Visible to Intel only — GUID: GUID-65BF513D-66DC-408D-897E-704027C24083
Visible to Intel only — GUID: GUID-65BF513D-66DC-408D-897E-704027C24083
DPCT1117
Message
There is atomicInc/Dec operation on <argument 2> and value of <argument 2> was scaled by migration for performance, refer to DPCT1116. Using the value of <argument 2> through <argument 1> should also be scaled by dividing or multiplying <expression>. You may need to adjust the code.
Detailed Help
An optimized method has been applied to migrate atomicInc/atomicDec. To align with this optimized method, some scaling adjustments are required to ensure that values remain consistent and accurate after migration. Refer to DPCT1116 for more details.

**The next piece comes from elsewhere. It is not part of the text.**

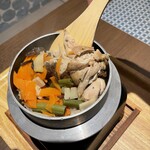 鶏とおでんの店 日寄鶏 - ボリューム満点の鶏の五目釜めし。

When the code utilizes the address of an atomic variable, all the assignments of value or reference of value operation through the atomic variable address also need to be scaled by multiplying or dividing a step. Atomic variables also need to be scaled appropriately for all host-side memory operations.
Suggestions to Fix
For example, this original CUDA* code:
__device__ unsigned int a1;
__global__ void kernel(){
...
unsigned int old_val = atomicInc(&a1, 0x7fffffff);
...
}
int main(){
unsigned int result;
unsigned int *d_addr;
cudaGetSymbolAddress((void **)&d_addr, a1);
cudaMemset(d_addr, 2, sizeof(unsigned int));
kernel<<<1, 100>>>();
...
cudaMemcpy(&result, d_addr, sizeof(unsigned int), cudaMemcpyDeviceToHost);
...
}
results in the following migrated SYCL* code:
dpct::global_memory<unsigned int, 0> a1;
void kernel(unsigned int &a1){
...
/*
DPCT1116:0: The atomicInc was migrated to dpct::atomic_fetch_add(&a1, 2) / 2 for performance, and 2 is computed by (UINT_MAX + 1) / (‘0x7fffffff’ + 1). This migration requires the initial value of ‘a1’ to be scaled by multiplying 2, and any usage of value of ‘a1’ outside atomic function to be scaled by dividing 2.
*/
unsigned int old_val = dpct::atomic_fetch_add<sycl::access::address_space::generic_space>(&a1, 2) / 2;
...
}
int main(){
dpct::device_ext &dev_ct1 = dpct::get_current_device();
sycl::queue &q_ct1 = dev_ct1.default_queue();
unsigned int result;
unsigned int *d_addr;
/*
DPCT1117:3: There is atomicInc/Dec operation on 'a1' and value of 'a1' was scaled by migration for performance, refer to DPCT1116. Using value of 'a1' through 'd_addr' should also be scaled by dividing or multiplying 2. You may need to adjust the code.
*/
*((void **)&d_addr) = a1.get_ptr();
q_ct1.memset(d_addr, 2, sizeof(unsigned int)).wait();
q_ct1.submit(
[&](sycl::handler &cgh) {
a1.init();
auto a1_ptr_ct1 = a1.get_ptr();
cgh.parallel_for(
sycl::nd_range<3>(sycl::range<3>(1, 1, 100), sycl::range<3>(1, 1, 100)),
[=](sycl::nd_item<3> item_ct1) {
kernel1(*a1_ptr_ct1);
});
});
...
q_ct1.memcpy(&result, d_addr, sizeof(unsigned int)).wait();
...
}
which is rewritten to:
dpct::global_memory<unsigned int, 0> a1;
void kernel(unsigned int &a1){
...
unsigned int old_val = dpct::atomic_fetch_add<sycl::access::address_space::generic_space>(&a1, 2) / 2;
...
}
int main(){
dpct::device_ext &dev_ct1 = dpct::get_current_device();
sycl::queue &q_ct1 = dev_ct1.default_queue();
unsigned int result;
unsigned int *d_addr;
*((void **)&d_addr) = a1.get_ptr();
q_ct1.memset(d_addr, 2 * 2, sizeof(unsigned int)).wait();
q_ct1.submit(
[&](sycl::handler &cgh) {
a1.init();
auto a1_ptr_ct1 = a1.get_ptr();
cgh.parallel_for(
sycl::nd_range<3>(sycl::range<3>(1, 1, 100), sycl::range<3>(1, 1, 100)),
[=](sycl::nd_item<3> item_ct1) {
kernel1(*a1_ptr_ct1);
});
});
...
q_ct1.memcpy(&result, d_addr, sizeof(unsigned int)).wait();
result = result / 2;
...
}